Checking the Domain Name In Email Addresses

By Chris Bartram and many others

In an earlier article, I described using Suprtool to check the syntax of email addresses and delete invalid ones.

I was toying with figuring out how to call MPE CI string functions on the Suprtool defined strings... like WORD() to extract the domain name... then call a ci command/program that did a dns lookup of the domain name. I figured something like that would be pretty slick. Turns out Mike Hornsby had the same idea:

Chris,
To take this to the next level, I like to use the MPE/IX WHOIS freeware utility from this web location:
  http://www.allegro.com/software/hp3000/allegro.html

The following script will validate an email address and look up the domain name registration using the Allegro ported version of the WHOIS program. This can be very useful for validating the URL and it also returns the company name, address, and sometimes a general phone number.

Warning: The script must run the WHOIS program under the Posix shell (sh.hpbin.sys) and the system must be connected to the Internet to route the WHOIS requests. Also, you must set up the security in the Allegro account according to the instructions on their web page.

Emailchk Command File:

PARM EMAIL_NAME = "MIKEH@BEECHGLEN.COM"
SETVAR ATPOS, POS("@","!EMAIL_NAME")
IF ATPOS = 0 THEN
   ECHO BAD EMAIL FORMAT ERROR -1
   SETVAR EMAIL_ERR,-1
   echo !EMAIL_NAME >> BADDOTS
   ESCAPE
ENDIF
SETVAR DOTPOS, POS(".","!EMAIL_NAME")
IF DOTPOS = 0 THEN
   ECHO BAD EMAIL FORMAT ERROR -2
   SETVAR EMAIL_ERR,-2
   echo !EMAIL_NAME >> BADDOTS
   ESCAPE
ENDIF
SETVAR URLPOS,ATPOS+1
SETVAR WHO_URL,RTRIM(STR("!EMAIL_NAME",!URLPOS,80))
ECHO !WHO_URL
PURGE WHOIN
BUILD WHOIN;REC=-80,,F,ASCII
ECHO /ALLEGRO/PUB/WHOIS -C !WHO_URL > WHOIN
RUN SH.HPBIN.SYS <WHOIN

As well, if the email name is found to be missing dots (.), this script appends the name to a BADDOTS error file.
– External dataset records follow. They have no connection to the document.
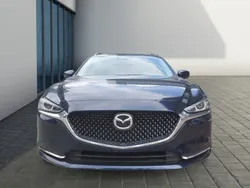 Blau Gebraucht 2024 Mazda 6 Exclusive Limousine | 35.990 € (Etwas zu teuer)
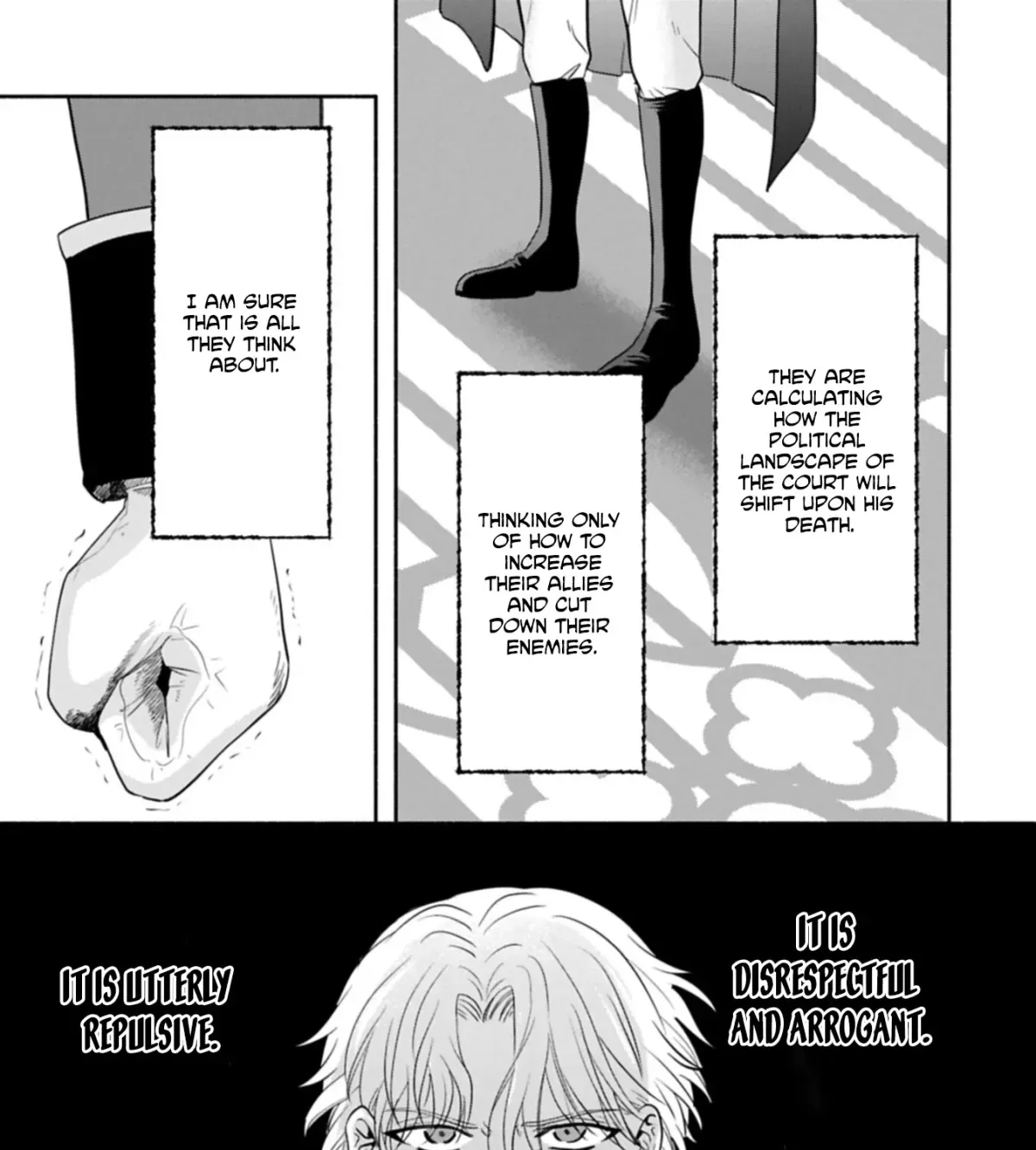 The Banishment of Lady Arialaine, the Duke's Daughter Chapter 3 page 75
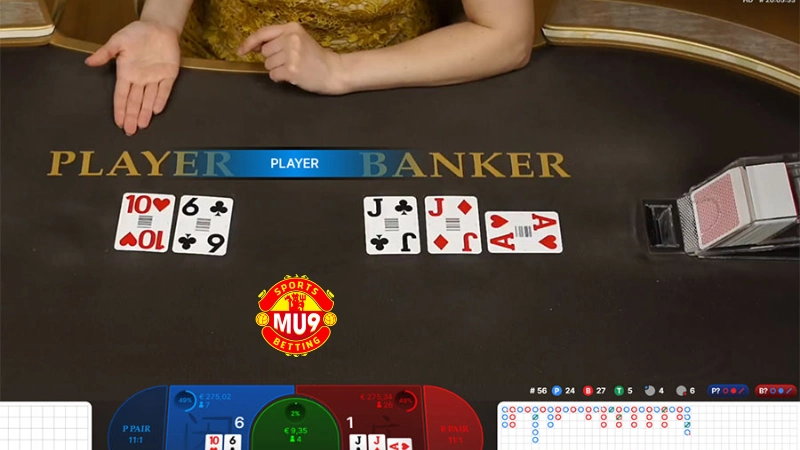 Baccarat live Mu9: Game cá cược trực tuyến cực hấp dẫn cho bet thủ Chiến thuật chơi Baccarat live để tăng cơ hội thắng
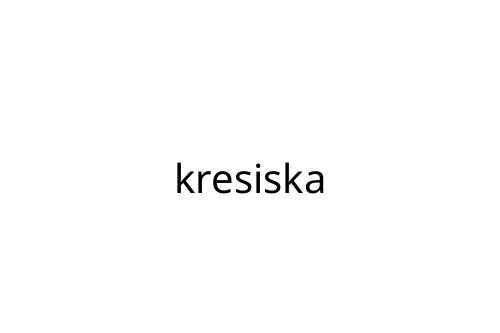 kresiska
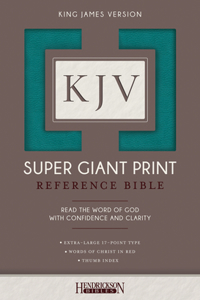 KJV Super Giant Print Bible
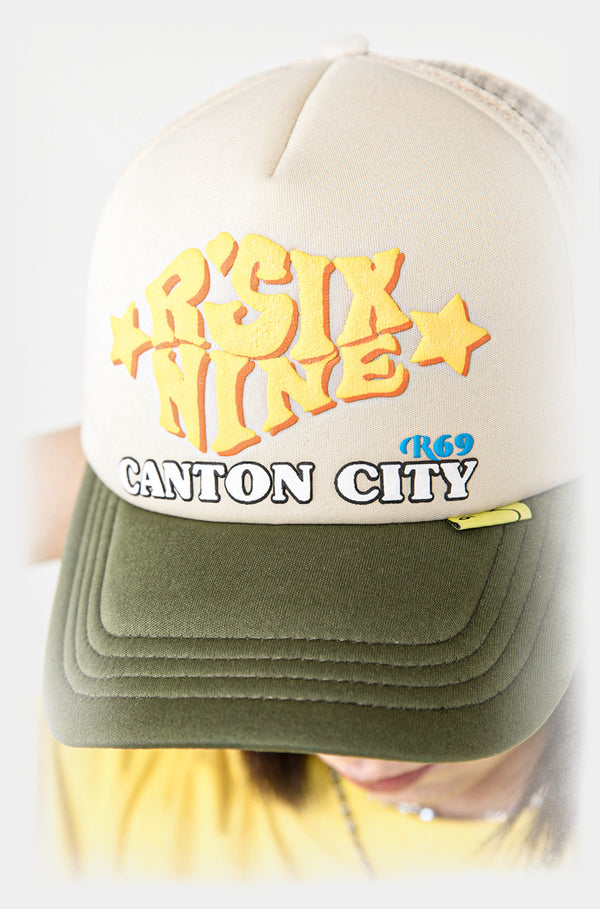 Project R69 High-Top Canton City Cap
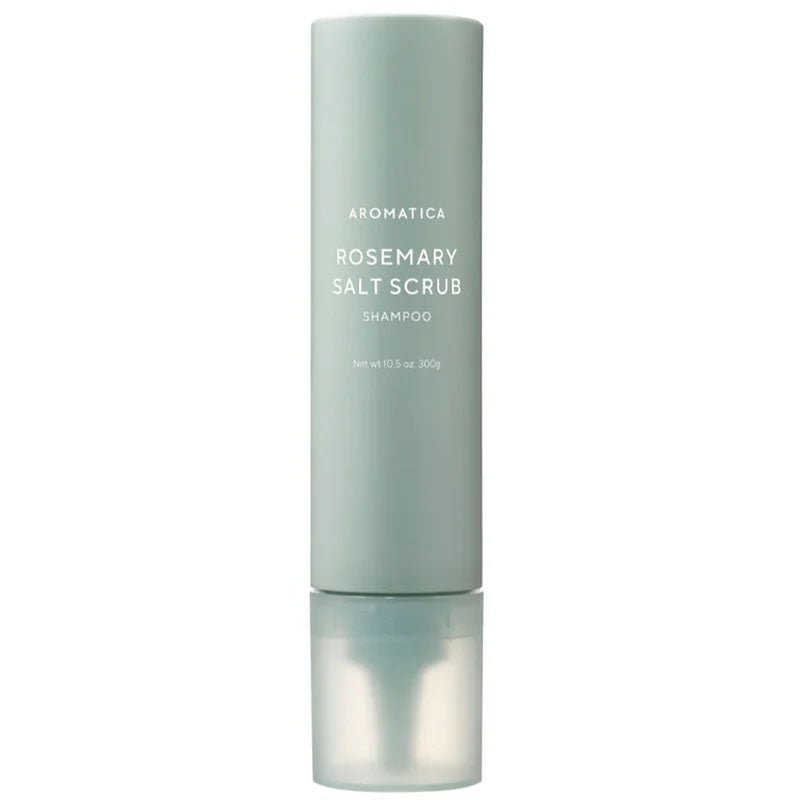 Buy Aromatica Rosemary Salt Scrub Shampoo 300ml at Lila Beauty - Korean and Japanese Beauty Skincare and Makeup Cosmetics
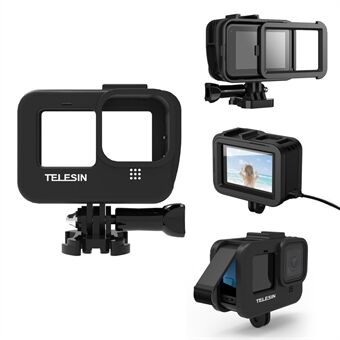 TELESIN GP-FMS-903 Beschermend cameraframe - Anti-valkoffer voor GoPro Hero 9 & 10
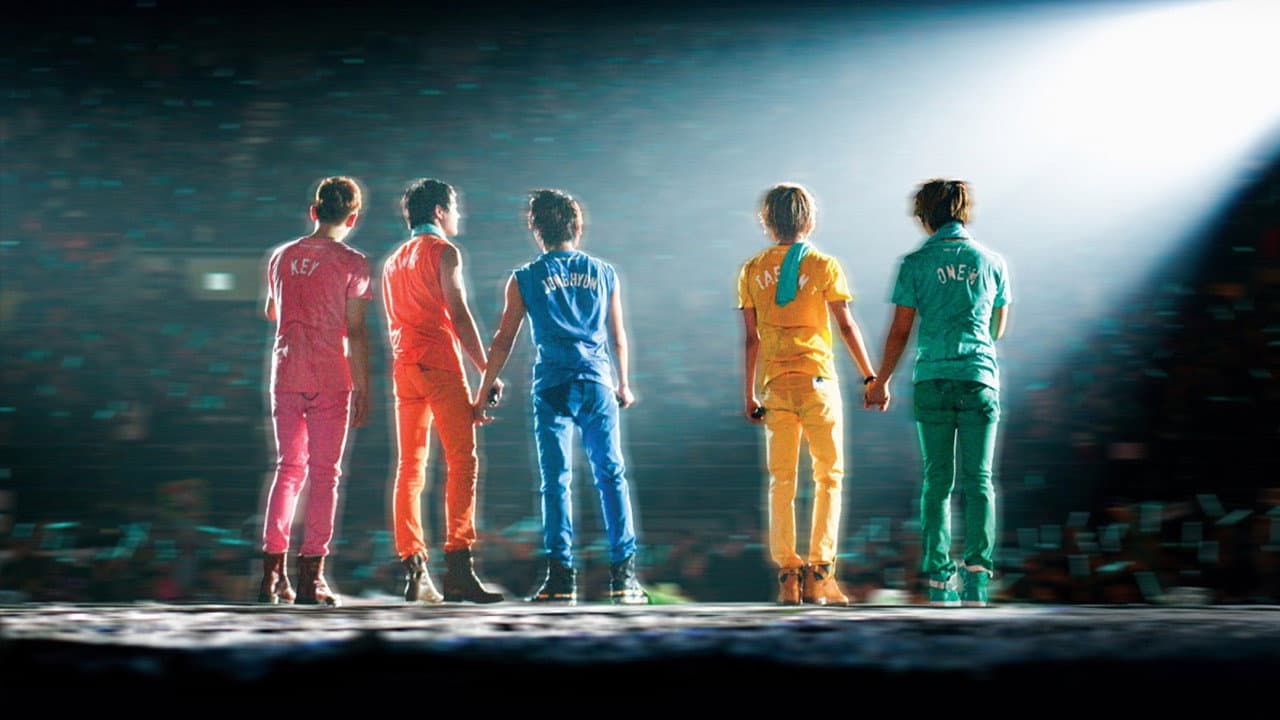 Backdrop – SHINee THE 1ST CONCERT IN JAPAN 'SHINee WORLD'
Mike Hornsby (mikeh@beechglen.com)
Co-founder/Chief Technical Officer
Beechglen Development Inc. (beechglen.com)
513-922-0509
MikeH@beechglen.com

Paul Gobes of Robelle Technical Support tested the command file with WHOIS and below are the results for a successful and unsuccessful email address.

Below are the results for a successful and unsuccessful email address.

Successful WHOIS

:emailchk paulgobes@hotmail.com
hotmail.com


Whois Server Version 1.3

Domain names in the .com, .net, and .org domains can now be registered
with many different competing registrars. Go to http://www.internic.net
for detailed information.

   Domain Name: HOTMAIL.COM
   Registrar: NETWORK SOLUTIONS, INC.
   Whois Server: whois.networksolutions.com
   Referral URL: www.networksolutions.com
   Name Server: NS1.HOTMAIL.COM
   Name Server: NS3.HOTMAIL.COM
   Updated Date: 12-may-2000


>>> Last update of whois database: Mon, 18 Dec 2000 11:02:57 EST <<<

The Registry database contains ONLY .COM, .NET, .ORG, .EDU domains and
Registrars.


Found InterNIC referral to whois.networksolutions.com.


Registrant:
Hotmail Corporation (HOTMAIL-DOM)
   1065 La Avenida
   Mtn. View, CA 94043
   US

   Domain Name: HOTMAIL.COM

   Administrative Contact, Technical Contact, Billing Contact:
      Records, Custodian of  (COR58)  enforce_policy@HOTMAIL.COM
      MSN Hotmail
      1065 La Avendia
      Mtn. View , CA 94043
      (650) 693-7066 (FAX) (650) 693-7061

   Record last updated on 12-May-2000.
   Record expires on 28-Mar-2001.
   Record created on 27-Mar-1996.
   Database last updated on 18-Dec-2000 14:23:20 EST.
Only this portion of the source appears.